Submission received: 30 June 2022 / Revised: 28 July 2022 / Accepted: 3 August 2022 / Published: 5 August 2022

(This article belongs to the Section Intelligent Sensors)

Download

Browse Figures

Versions Notes

Abstract

:

Despite the extensive efforts, accurate traffic time series forecasting remains challenging. By taking into account the non-linear nature of traffic in-depth, we propose a novel ST-CRMF model consisting of the Compensated Residual Matrix Factorization with Spatial-Temporal regularization for graph-based traffic time series forecasting. Our model inherits the benefits of MF and regularizer optimization and further carries out the compensatory modeling of the spatial-temporal correlations through a well-designed bi-directional residual structure. Of particular concern is that MF modeling and later residual learning share and synchronize iterative updates as equal training parameters, which considerably alleviates the error propagation problem that associates with rolling forecasting. Besides, most of the existing prediction models have neglected the difficult-to-avoid issue of missing traffic data; the ST-CRMF model can repair the possible missing value while fulfilling the forecasting tasks. After testing the effects of key parameters on model performance, the numerous experimental results confirm that our ST-CRMF model can efficiently capture the comprehensive spatial-temporal dependencies and significantly outperform those state-of-the-art models in the short-to-long terms (5-/15-/30-/60-min) traffic forecasting tasks on the open Seattle-Loop and METR-LA traffic datasets.

Keywords:

traffic time series forecasting; matrix factorization; residual learning; missing value

Graphical Abstract

1. Introduction

Accompanied by the evolution of the urban intelligent transportation system (ITS), modern societies have benefited from a variety of human-centered traffic regulations. As one of the crucial steps for the ITS, searching for reliable and cost-effective traffic time series forecasting has been conducted for decades. The resulting advanced algorithms are vital for building ITS enabling cities to smarten up. In general, recorded data from multiple sensors form multivariate time series and can be interlinked [1]. Usually, the target of traffic time series forecasting involves the forward-looking estimation of traffic variables (e.g., volume, speed, or occupancy) and thus exploiting the potential for system efficiency upgrading and policy making. By the length of the time horizons, traffic forecasting can be briefly categorized into short-term (

\leq

30 min) and mid- to long-terms (

>

30 min) [2]. Technically, traffic forecasting falls within the scope of multi-variate time series analysis, but it faces challenges due to the high complexity and dynamics of ITS [3]. Specifically, how to capture the inherent spatial-temporal correlations of traffic time series comprehensively becomes the primary challenge [2,4,5].

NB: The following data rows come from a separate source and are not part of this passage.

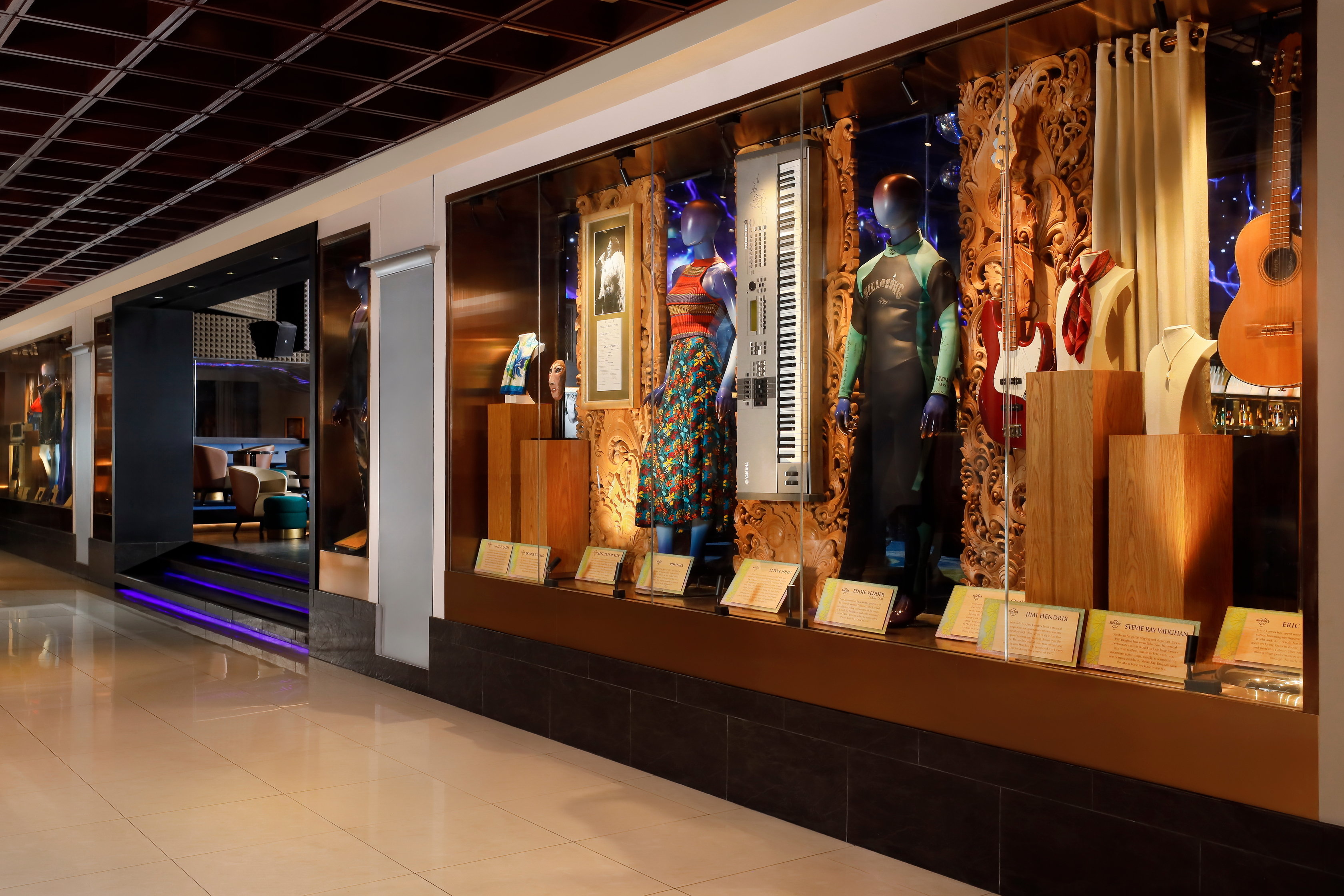 HARD ROCK HOTEL BALI 41/91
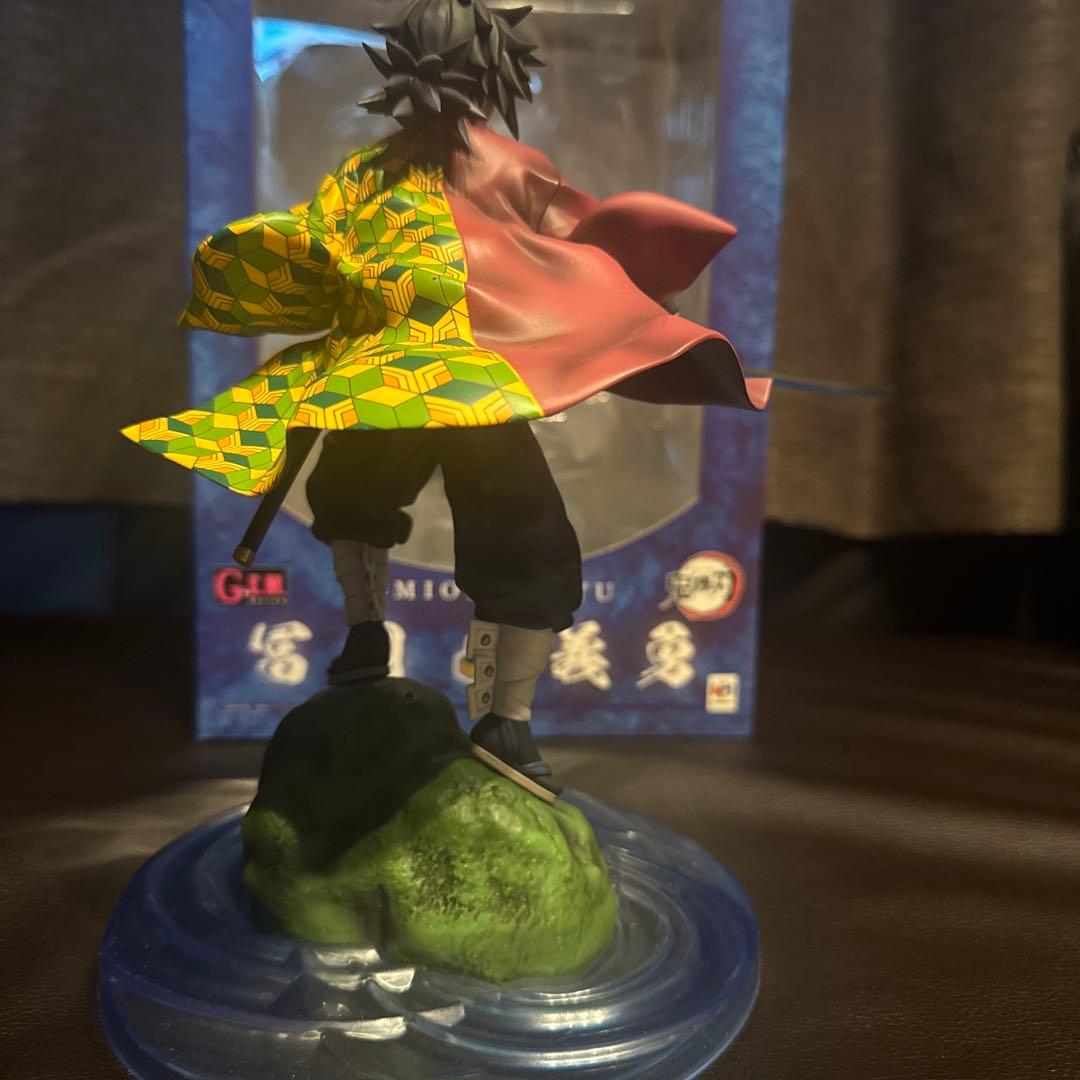 冨岡義勇 G.E.M. フィギュア 約20cm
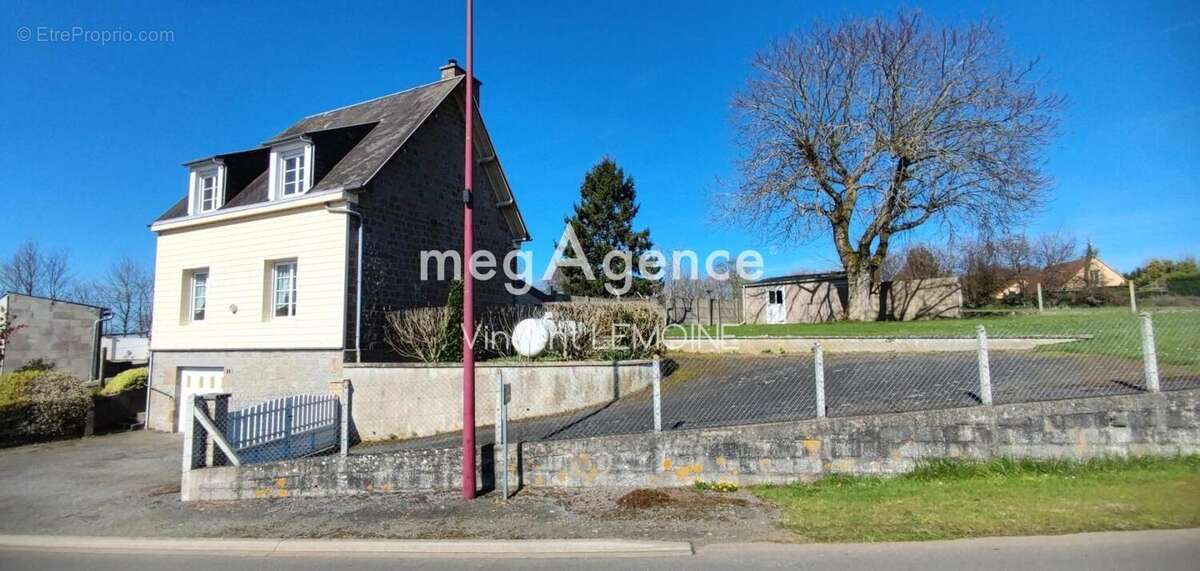 Maison à PERRIERS-EN-BEAUFICEL
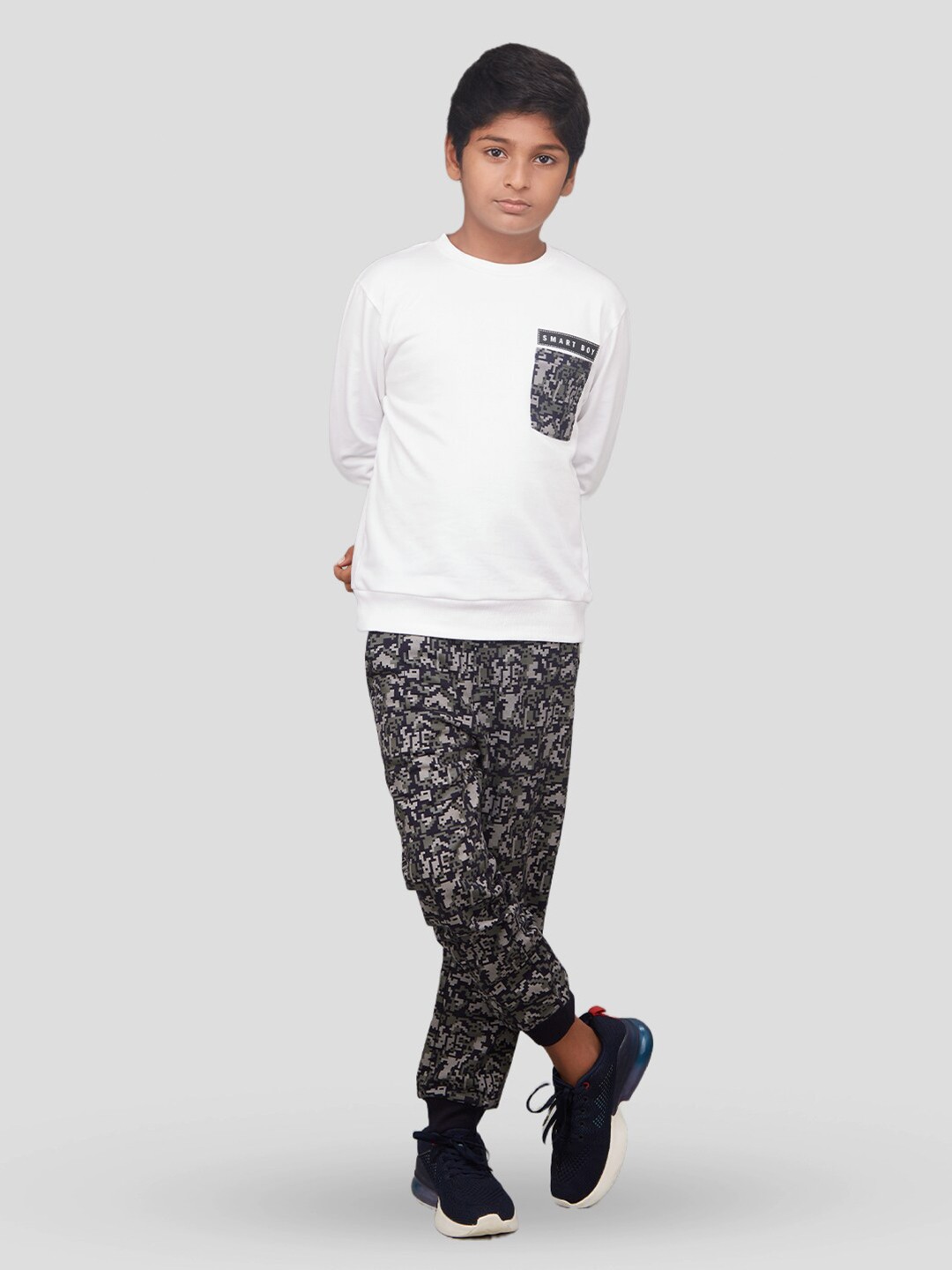

Zalio Boys Sweatshirt with Joggers, White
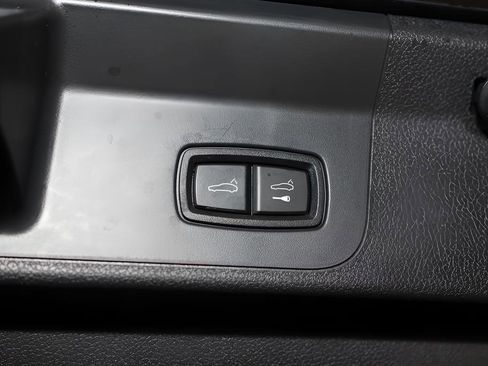 Used 2023 Porsche Panamera 4 Platinum Edition image 50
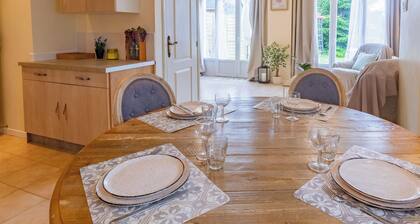 Charming and bright country cottage - 4 guests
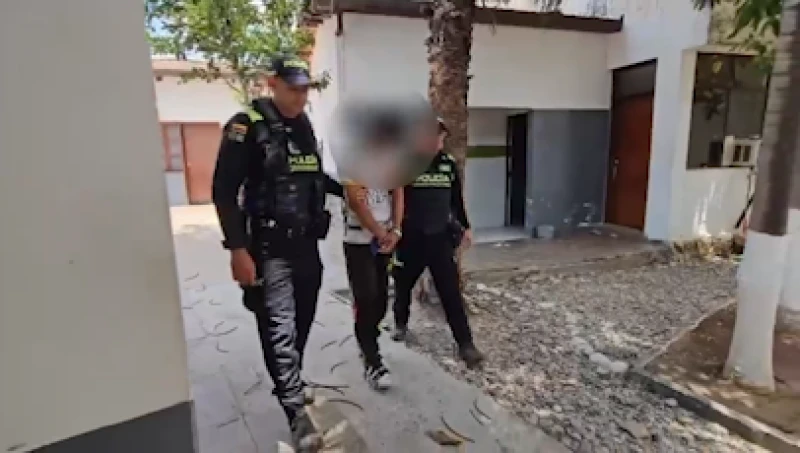 Incautan pistola con proyectiles y 200 gramos de estupefacientes en Los Cámbulos, Girón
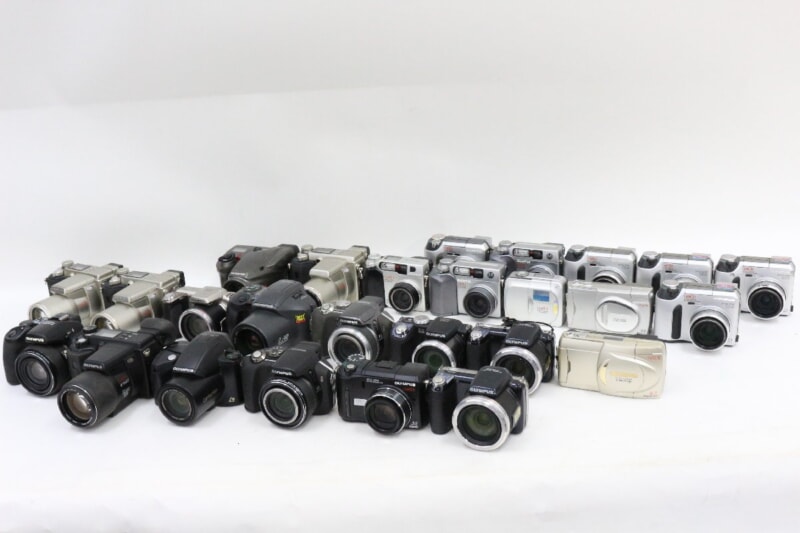 OLYMPUS（オリンパス） デジタルカメラ・フィルムカメラの画像1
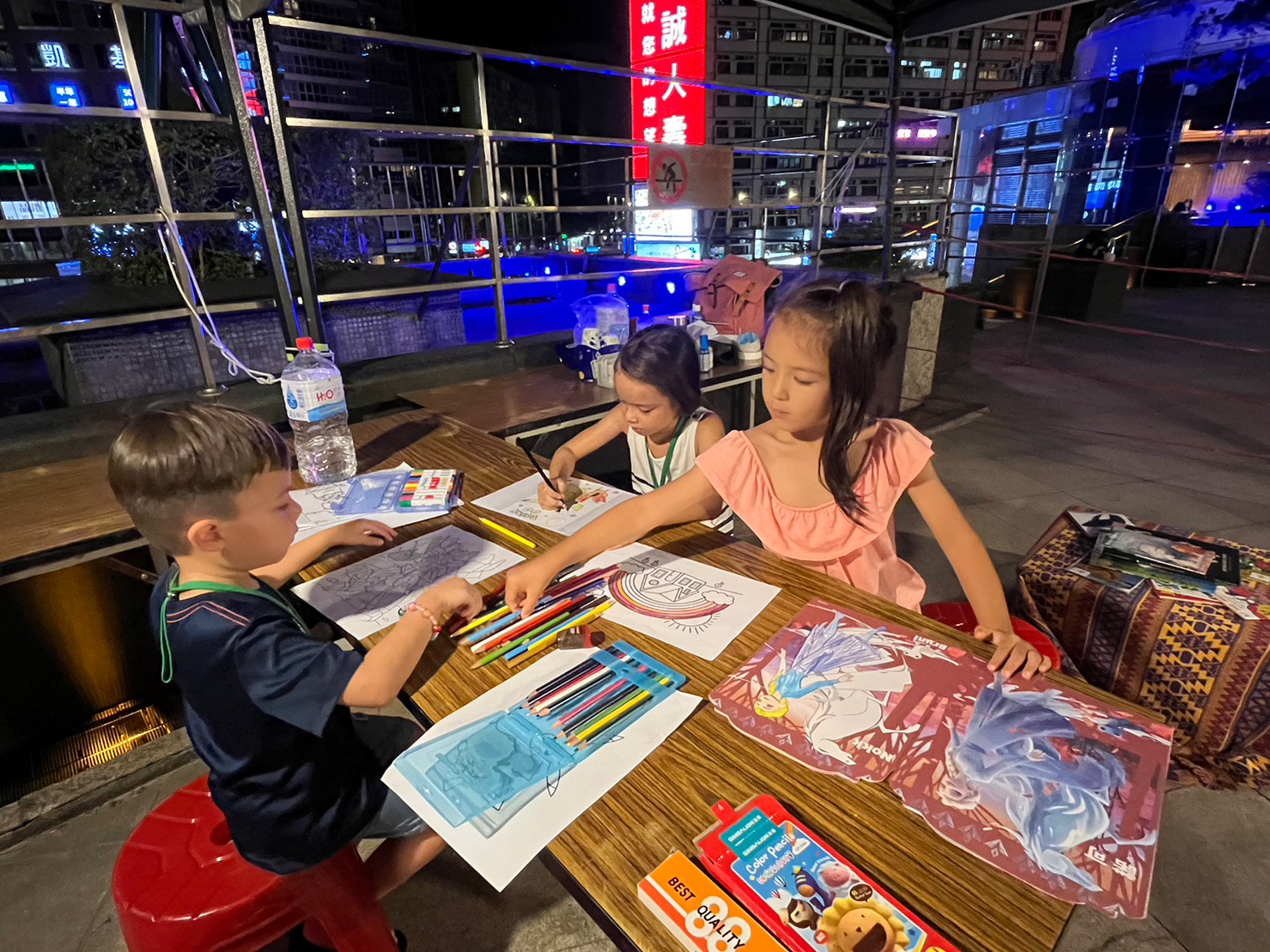 「2026新北夏至音樂節」攜手SUPERKID，於6月20日至21日在新北市美術館打造親子互動體驗區。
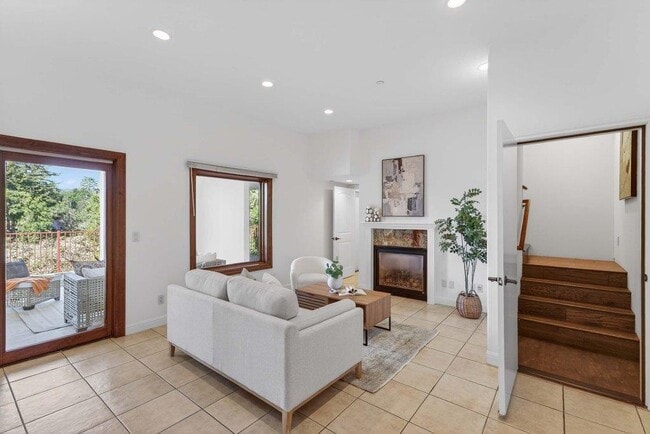 Building Photo - 41 S Circle Dr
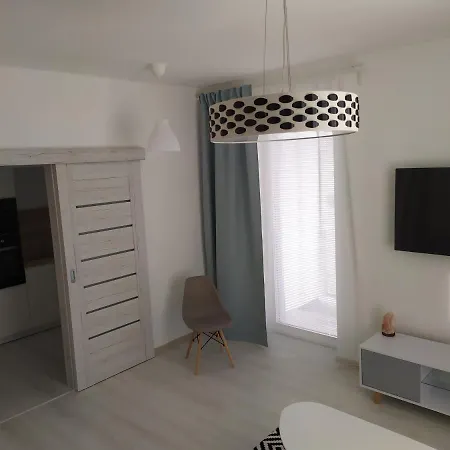 Apartman Till アパート ガランタ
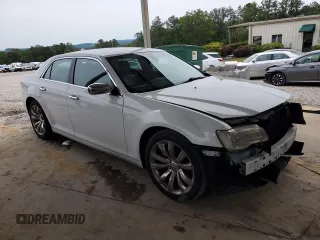 2018 Chrysler 300 Limited z VIN 2C3CCAEG7JH314035, wystawiony jako Copart lot #56311455 z przebiegiem 130 490 mil mil oraz Szkody całkowita. Historia ofert i sprzedaży dostępna na DreamBid. Obrazek 4.
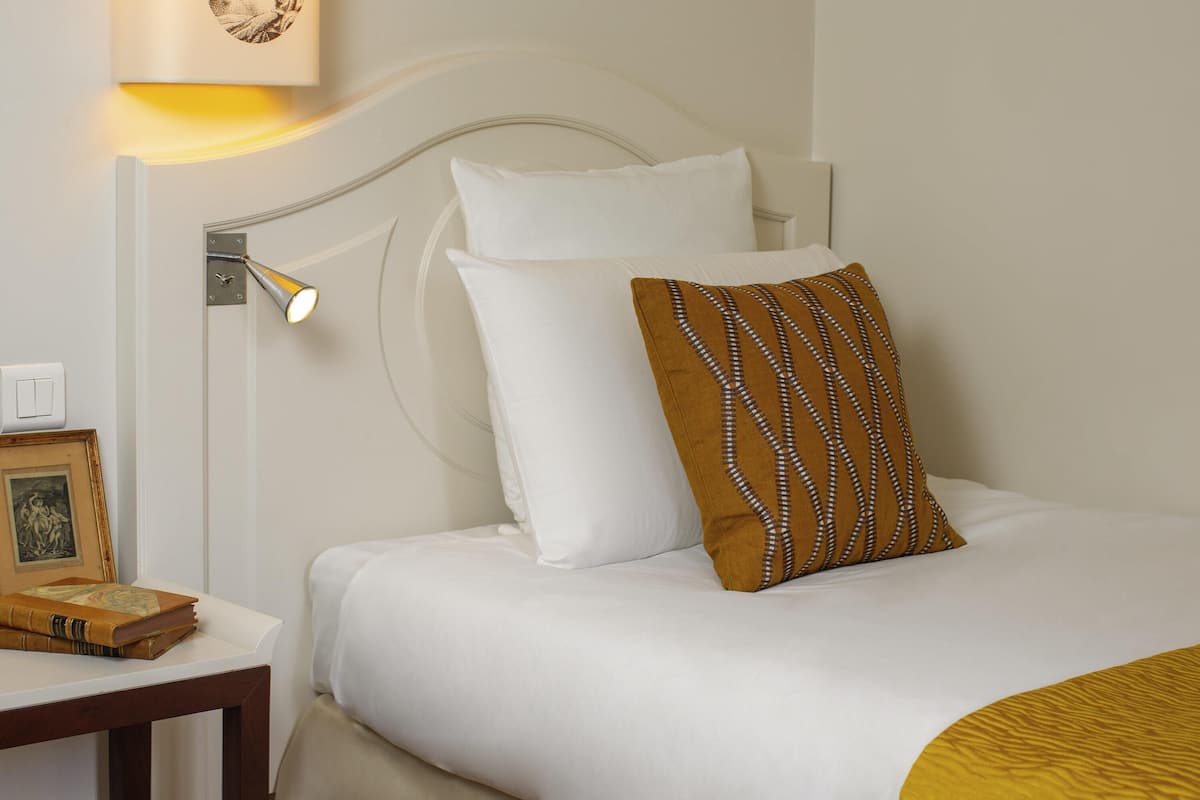 Habitación individual estándar | Colchones Select Comfort y minibar (con algunos artículos gratuitos)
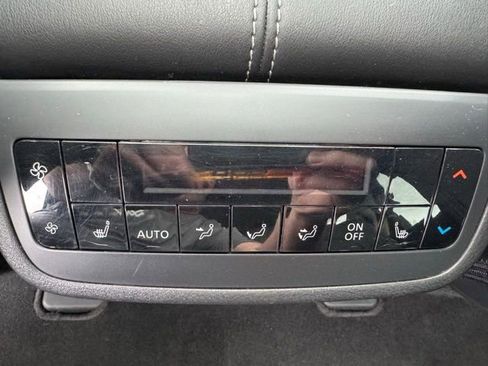Used 2023 Nissan Pathfinder SL w/ SL Premium Package AWD/4WD image 25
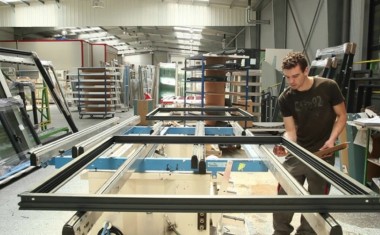Atelier de fabrication de menuiseries aluminium.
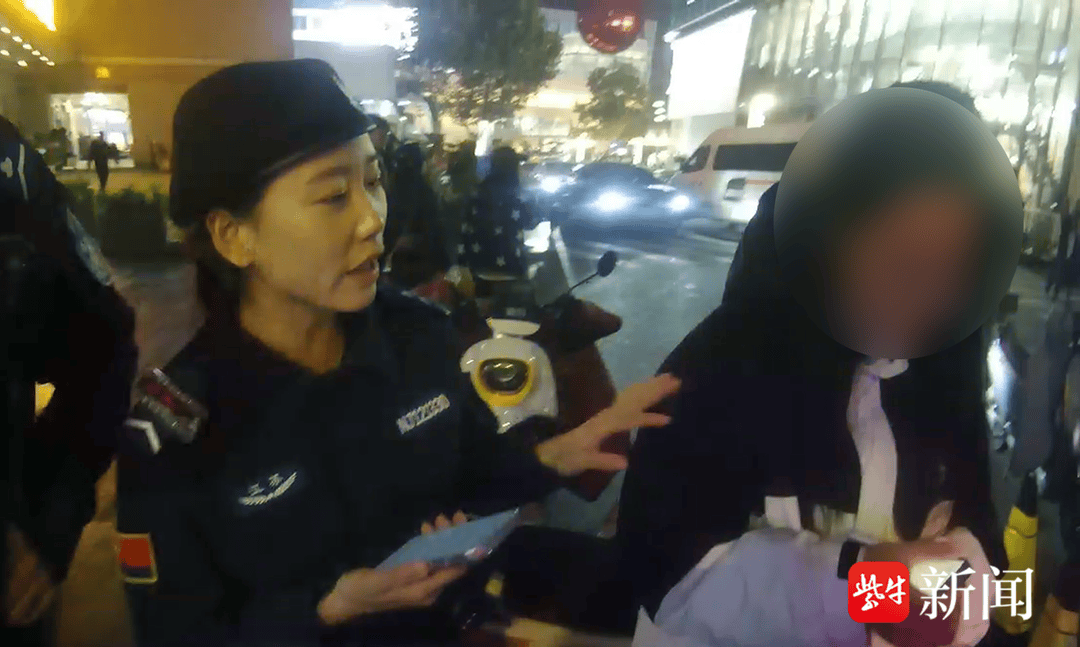 如何注册皇冠足球代理_刚入行三天的女外卖员丢车后路边哭泣如何注册皇冠足球代理，PTU队员帮她找到车后暖心安慰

Against that background, a great deal of research effort has been carried out to address this issue. Broadly speaking, existing models for traffic forecasting can be roughly classified as classical models and deep learning (DL) models, the former of which can be further subdivided into statistical models and traditional machine learning (ML) models [6]. In detail, many earlier works simply concatenated a series of data from different locations into a vector and then applied the vector autoregressive (VAR) and autoregressive integrated moving average (ARIMA) and their variants for time series forecasting [7,8]. However, these types of statistical models face significant challenges from the ML models because it fails to take the spatial or temporal correlation into account [2]. As the representative of data-driven methods, the traditional ML models have also suffered from various difficulties in traffic forecasting. For example, the classical support vector regression (SVR) model takes the choices of kernel function and hyper-parameters very sensitively. And these models either impose ideal stationary assumptions or prevail a computational burden when dealing with large-scale traffic datasets [6]. Once confronted with overly complex historical data, they fail to account for the highly non-linear traffic properties.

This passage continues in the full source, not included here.